Но простота как руководящий принцип конструирования концептуальных схем — не такая уж ясная и недвусмысленная идея; она вполне способна задать двойной или множественный стандарт. Представим себе, например, что мы изобрели самый экономичный набор понятий, пригодных для детального отчета о непосредственном опыте. Допустим, что сущности, предполагаемые этой схемой, — значения связанных переменных - представляют собой индивидуальные субъективные события ощущения или рефлексии. Мы все же, несомненно, обнаружим, что физикалистская концептуальная схема, нацеленная на описание внешних объектов, дает большие преимущества при упрощении всех наших отчетов. Сводя воедино рассеянные чувственные события и имея с ними дело как с восприятиями одного объекта, мы сводим сложность нашего потока опыта к управляемой концептуальной простоте. Правило простоты, конечно, является нашей руководящей максимой, когда мы закрепляем за чувственными данными объекты: мы связываем предыдущее и последующее ощущение круглого с одним и тем же так называемым пенни или с двумя разными так называемыми пенни, подчиняясь требованиям максимальной простоты нашей совокупной картины мира
Здесь у нас есть две конкурирующие концептуальные схемы: феноменалистская и физикалистская. Какая из них победит? Каждая имеет свои преимущества, каждая по-своему проста Каждая, я полагаю, заслуживает, чтобы ее развивали О каждой действительно можно сказать, что она фундаментальнее, хотя и в разных смыслах: одна — эпистемологически фундаментальна, другая — физически.
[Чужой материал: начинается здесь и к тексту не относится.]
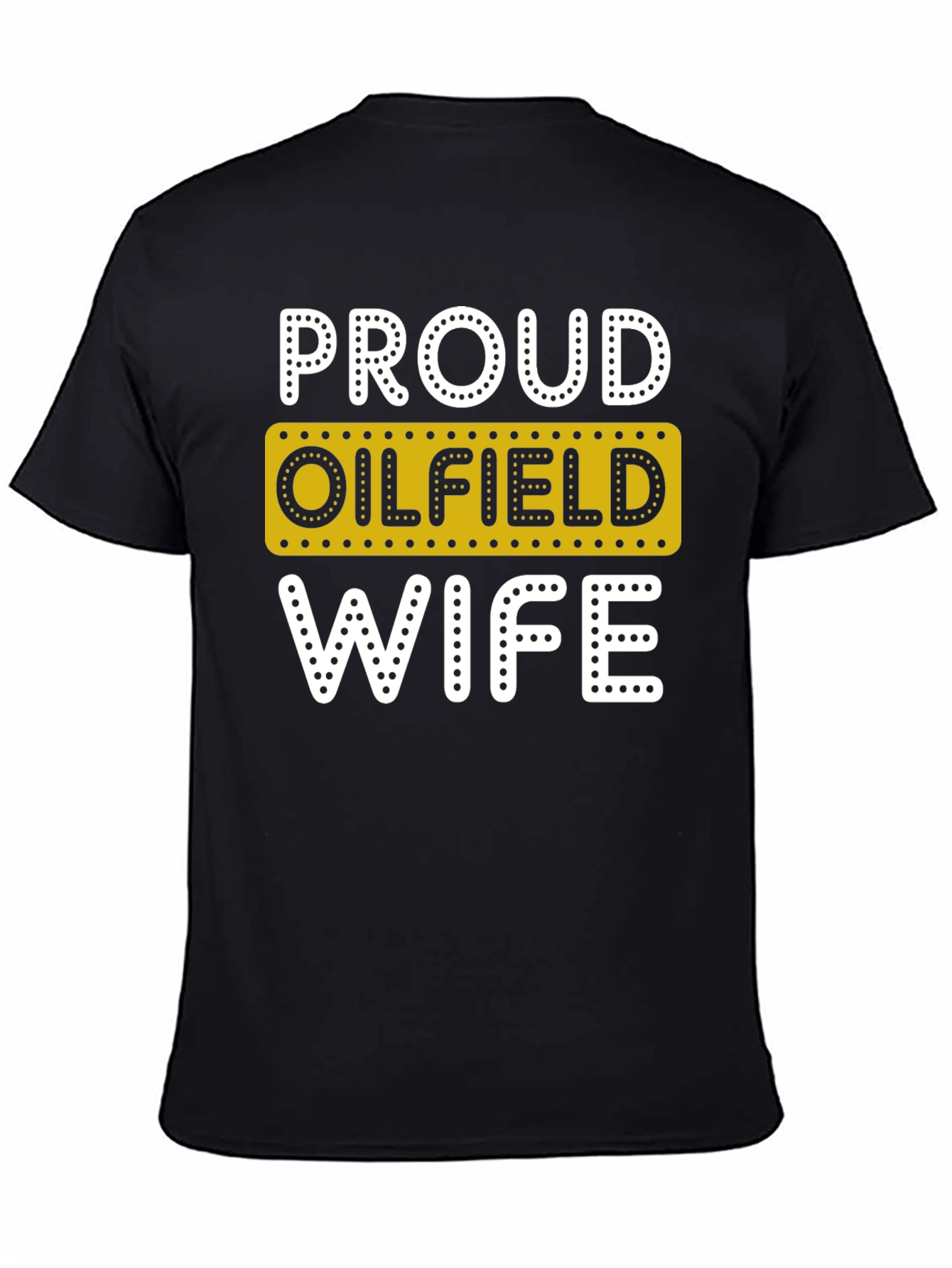 Proud Oilfield Wife Novelty T-Shirt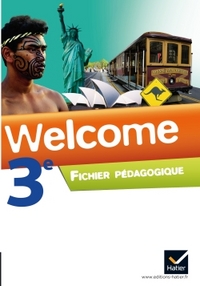 Welcome 3e - Palier 2 A2/B1, Livre du professeur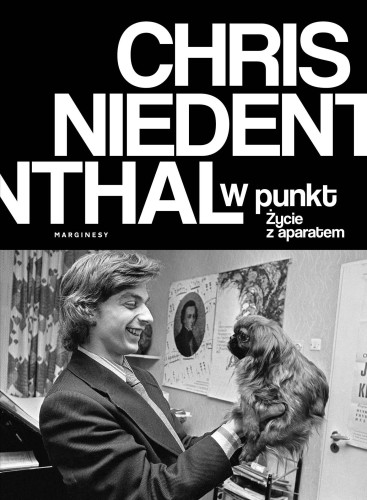 Przejdź do produktu W PUNKT. ŻYCIE Z APARATEM, CHRIS NIEDENTHAL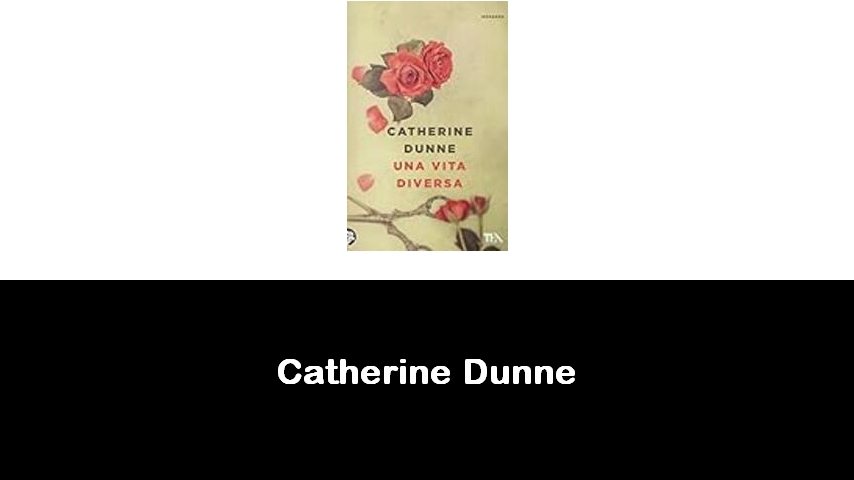 libri di Catherine Dunne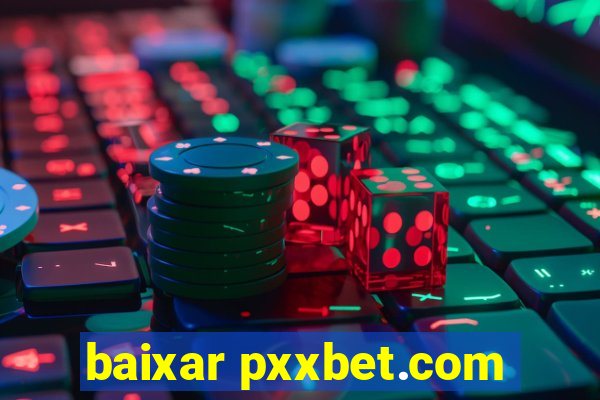 baixar pxxbet.com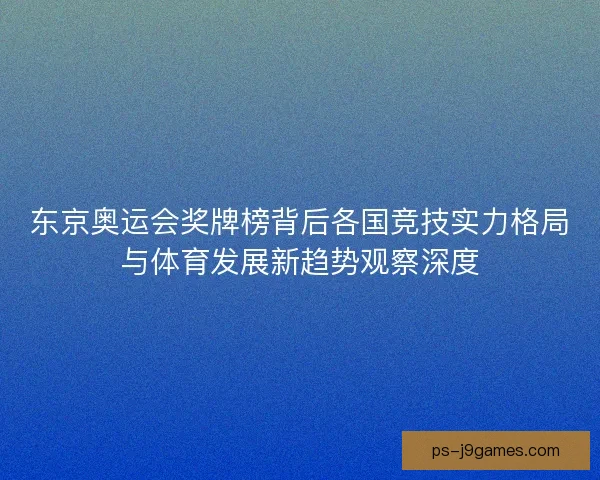 东京奥运会奖牌榜背后各国竞技实力格局与体育发展新趋势观察深度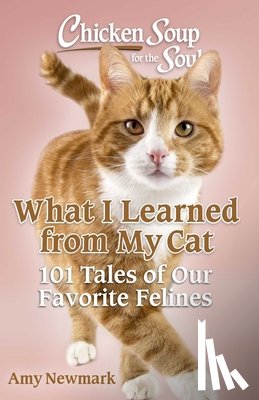 Newmark, Amy - Chicken Soup for the Soul: What I Learned from My Cat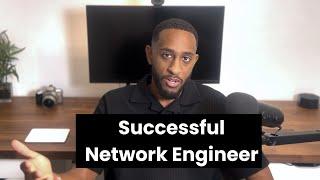 How to be Successful as a Network Engineer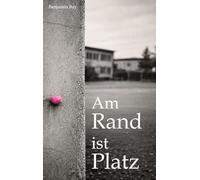 Am Rand ist Platz: Ein Jugendroman über Mobbing, Mut und Mitschuld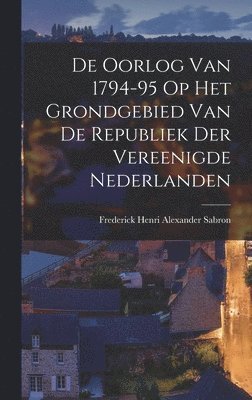 bokomslag De Oorlog van 1794-95 op Het Grondgebied van de Republiek der Vereenigde Nederlanden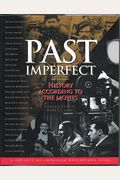 Past Imperfect: History According To The Movies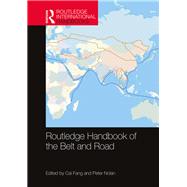 Routledge Handbook of the Belt and Road by Fang, Cai; Nolan, Peter, 9780367195267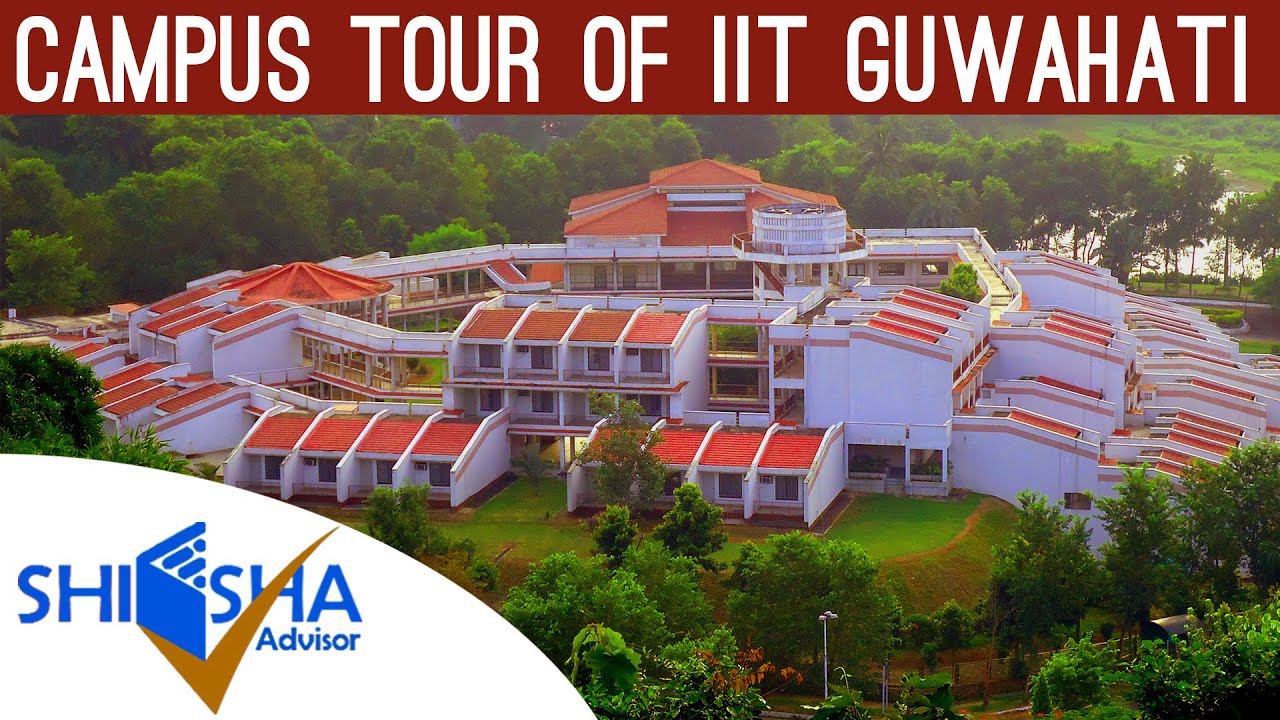 IIT Guwahati Campus Tour | Indian Institute of Technology, Guwahati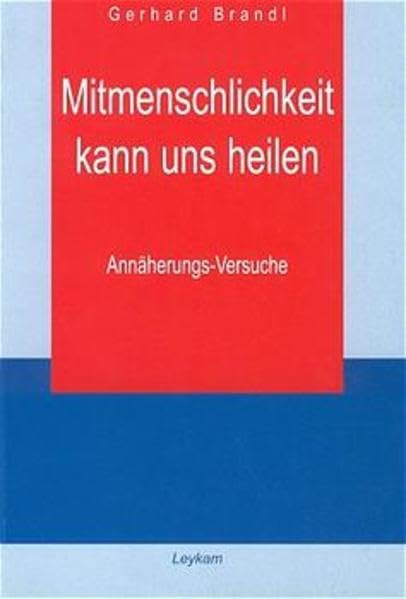 Mitmenschlichkeit kann uns heilen: Annäherungs-Versuche Self-help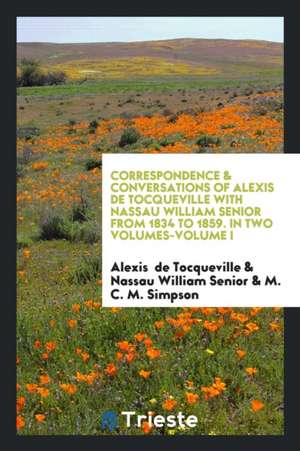 Correspondence & Conversations of Alexis de Tocqueville with Nassau William Senior from 1834 to 1859 de Alexis De Tocqueville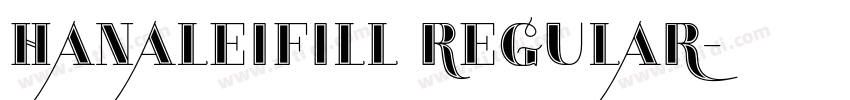 HanaleiFill Regular字体转换 HanaleiFill Regular字体转换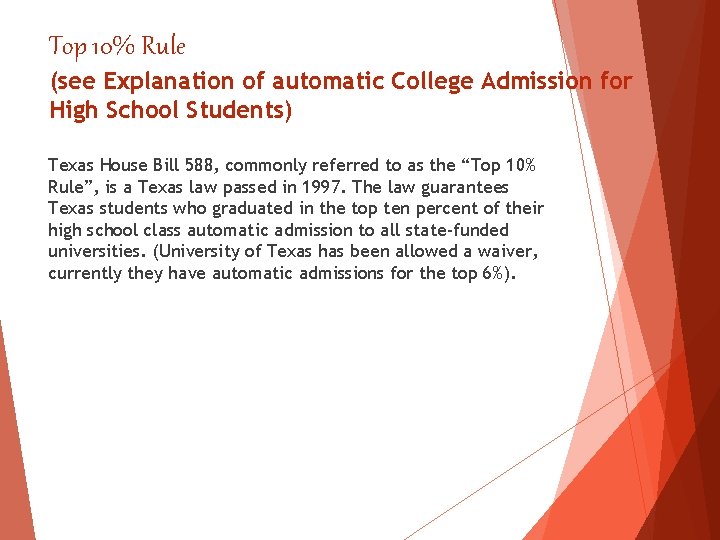Top 10% Rule (see Explanation of automatic College Admission for High School Students) Texas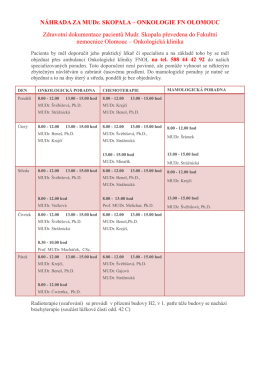 NÁHRADA ZA MUDr. SKOPALA – ONKOLOGIE FN OLOMOUC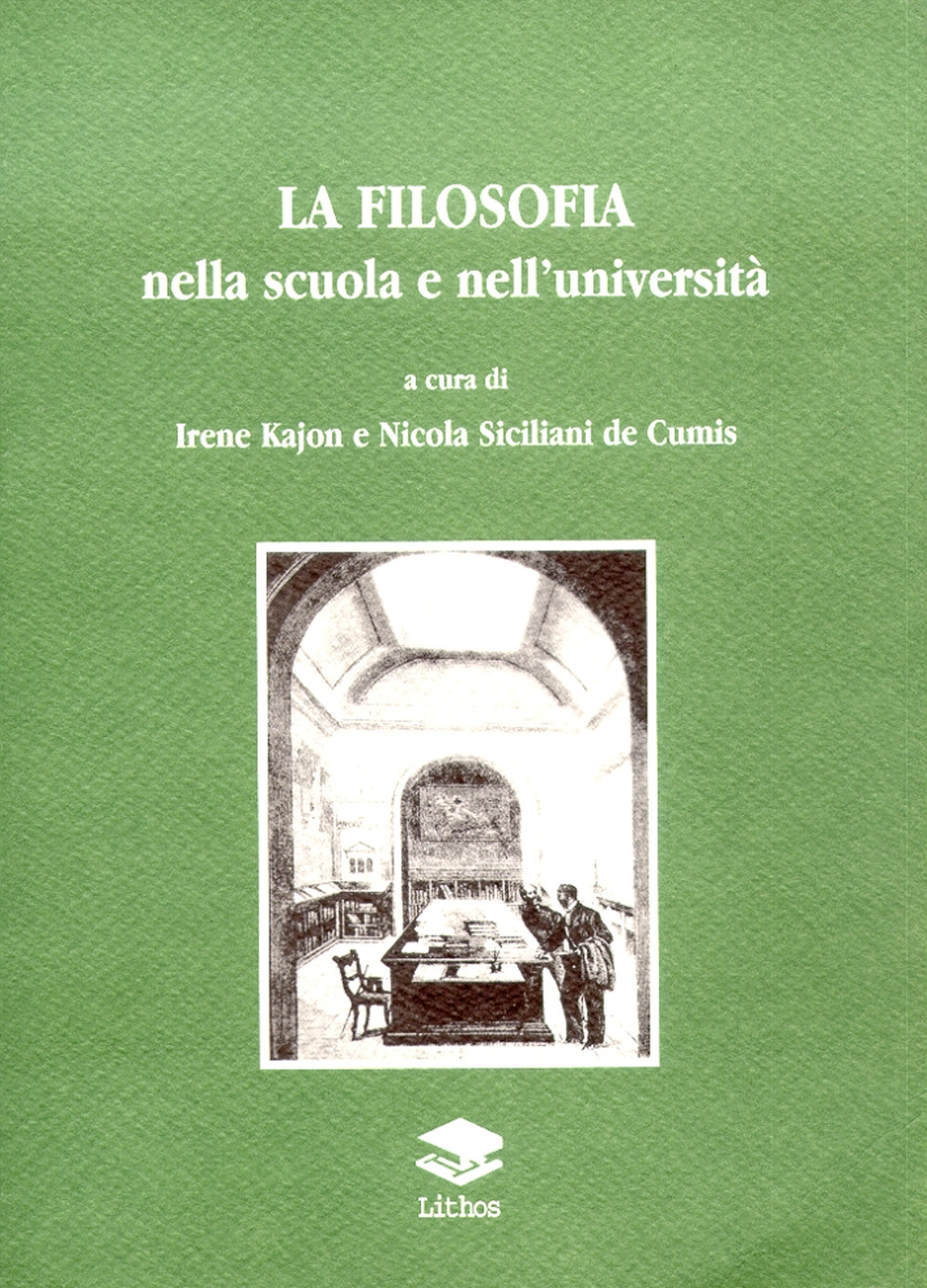 La filosofia nella scuola e nell'università. Vol. 3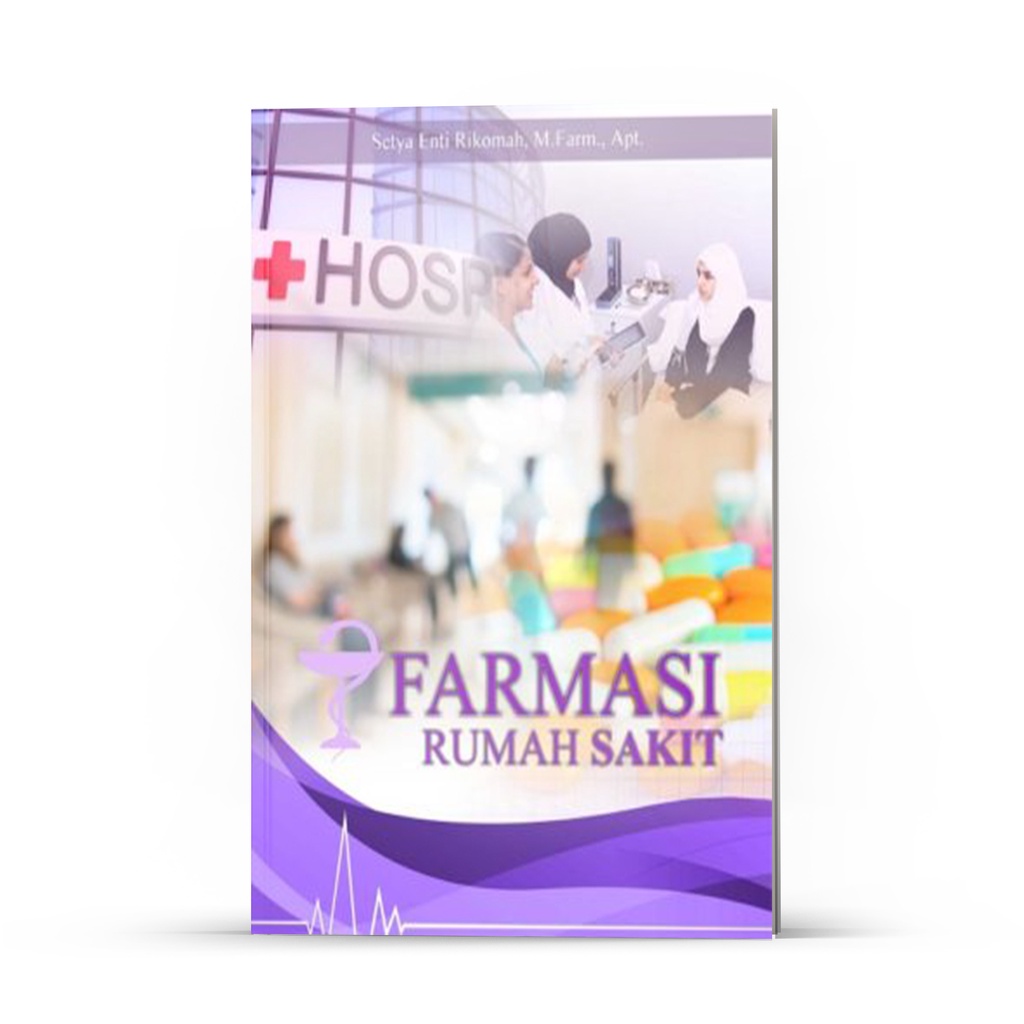 Jual Buku Farmasi Rumah Sakit - Setya Enti - Deepublish Original ISBN ...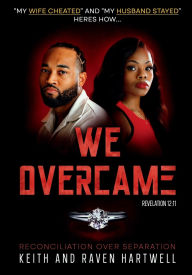 Title: We Overcame: Reconciliation over Separation, Author: Raven Hartwell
Физическая концептуальная схема упрощает наше описание опыта, поскольку позволяет связывать мириады разрозненных чувственных событий с единичными так называемыми объектами; но все же неправдоподобно, чтобы каждое предложение о физических объектах можно было действительно перевести на феноменалистический язык каким угодно сложным и непрямым способом. Физические объекты — это постулированные сущности, завершающие и упрощающие наше описание потока опыта, точно так же, как введение иррациональных чисел упрощает законы арифметики. С точки зрения только концептуальной схемы элементарной арифметики рациональных чисел расширенная арифметика рациональных и иррациональных чисел имела бы статус удобного мифа, более простого, чем буквальная истина (а именно арифметика рациональных чисел), и все же содержащая эту буквальную истину как свою отдельную часть. Подобным образом с феноменалистической точки зрения концептуальная схема физических объектов представляет собой удобный миф, более простой, чем буквальная истина, и все же содержащий ее как свою отдельную часть[12].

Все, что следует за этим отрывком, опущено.